Is the TMDL Program Effective for Surface Water Quality Management?

In 2001, I chaired the National Academy of Sciences review of the USEPA TMDL program (Assessing the TMDL Approach to Water Quality Management, NRC 2001). At that time, I was an enthusiastic supporter of TMDLs based on watershed analysis and improvement of surface water quality based on pollutant load reduction. Two issues have caused me to reconsider my perspective:

·         My colleagues’ endorsement of in-lake management strategies, such as artificial aeration and biomanipulation

·         My view that current water quality criteria may not be good indicators of designated use, resulting in unnecessary and exorbitant costs of compliance

In the past few years my colleagues, Dick Osgood and Ken Wagner, have made a compelling case for the ineffectiveness of watershed pollutant load reductions to achieve compliance with surface water quality standards in many water bodies; instead they have proposed that in-lake treatment is often a better management alternative. Their examples are hard to argue against. So what does this mean for the TMDL Program? Should we acknowledge the limitations of watershed pollutant load reduction and embrace in-waterbody treatment processes?
The 1972 Clean Water Act (CWA) was monumental in its positive effect on our Nation’s water quality. At the same time, the environmental euphoria of the CWA has sometimes resulted in well-meaning but non-attainable water quality standards in a number of situations. The result, in the Chesapeake Bay and in my home state of North Carolina, is water quality criteria that are not really reflective of underlying designated use. This is an important point because designated use (e.g., swimmable, recreational fishery) is what we protect with our water quality standards; water quality criteria, such as chlorophyll a and dissolved oxygen, are just easily-measurable (and inexact) surrogates for designated use.

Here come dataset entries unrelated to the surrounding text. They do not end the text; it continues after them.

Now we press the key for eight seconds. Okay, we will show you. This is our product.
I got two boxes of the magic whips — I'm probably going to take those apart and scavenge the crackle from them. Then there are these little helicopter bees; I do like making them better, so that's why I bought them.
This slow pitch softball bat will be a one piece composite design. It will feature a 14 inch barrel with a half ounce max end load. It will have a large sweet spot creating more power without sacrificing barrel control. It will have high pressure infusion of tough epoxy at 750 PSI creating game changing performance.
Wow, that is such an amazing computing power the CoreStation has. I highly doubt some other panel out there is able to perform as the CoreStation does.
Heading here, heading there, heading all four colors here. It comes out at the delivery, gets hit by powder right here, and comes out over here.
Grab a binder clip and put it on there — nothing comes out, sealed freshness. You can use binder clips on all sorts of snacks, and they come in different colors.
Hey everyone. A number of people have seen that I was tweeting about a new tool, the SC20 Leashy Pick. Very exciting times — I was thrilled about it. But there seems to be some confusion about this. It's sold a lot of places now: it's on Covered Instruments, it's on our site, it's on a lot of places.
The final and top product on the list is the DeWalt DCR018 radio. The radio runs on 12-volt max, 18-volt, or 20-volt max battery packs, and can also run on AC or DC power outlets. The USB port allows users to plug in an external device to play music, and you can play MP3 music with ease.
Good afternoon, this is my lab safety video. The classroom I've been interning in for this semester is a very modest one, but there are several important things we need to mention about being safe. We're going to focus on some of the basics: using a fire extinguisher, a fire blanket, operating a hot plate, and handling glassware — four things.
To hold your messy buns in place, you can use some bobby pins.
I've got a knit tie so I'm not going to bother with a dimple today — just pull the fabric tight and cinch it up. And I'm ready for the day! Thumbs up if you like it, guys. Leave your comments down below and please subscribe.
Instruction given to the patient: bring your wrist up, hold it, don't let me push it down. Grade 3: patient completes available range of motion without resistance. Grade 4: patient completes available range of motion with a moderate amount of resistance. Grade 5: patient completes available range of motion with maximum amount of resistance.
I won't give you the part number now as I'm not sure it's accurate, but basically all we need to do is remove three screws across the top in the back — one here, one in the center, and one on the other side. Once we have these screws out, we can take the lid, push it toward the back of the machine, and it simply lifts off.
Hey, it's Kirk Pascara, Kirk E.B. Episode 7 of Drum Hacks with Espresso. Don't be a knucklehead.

I believe that many surface water quality criteria that have been established by the States are not adequately representative of designated use. Further, I believe that in many situations we have set water quality criteria that have resulted in TMDLs that have associated costs of compliance that are way beyond expected water quality benefits. At the same time, I am not a proponent of in-lake treatment processes as an alternative to watershed pollutant load reduction except in small waterbodies where studies have demonstrated the effectiveness of in-lake techniques. My bottom-line perspective on the two issues that I raise – we should revisit the TMDL program and the underlying surface water quality standards, yet we should not be taken in by the low-cost, but ineffective in-lake treatment technologies (as recently employed in North Carolina at a waste of $2 million) unless there is compelling scientific evidence of their effectiveness.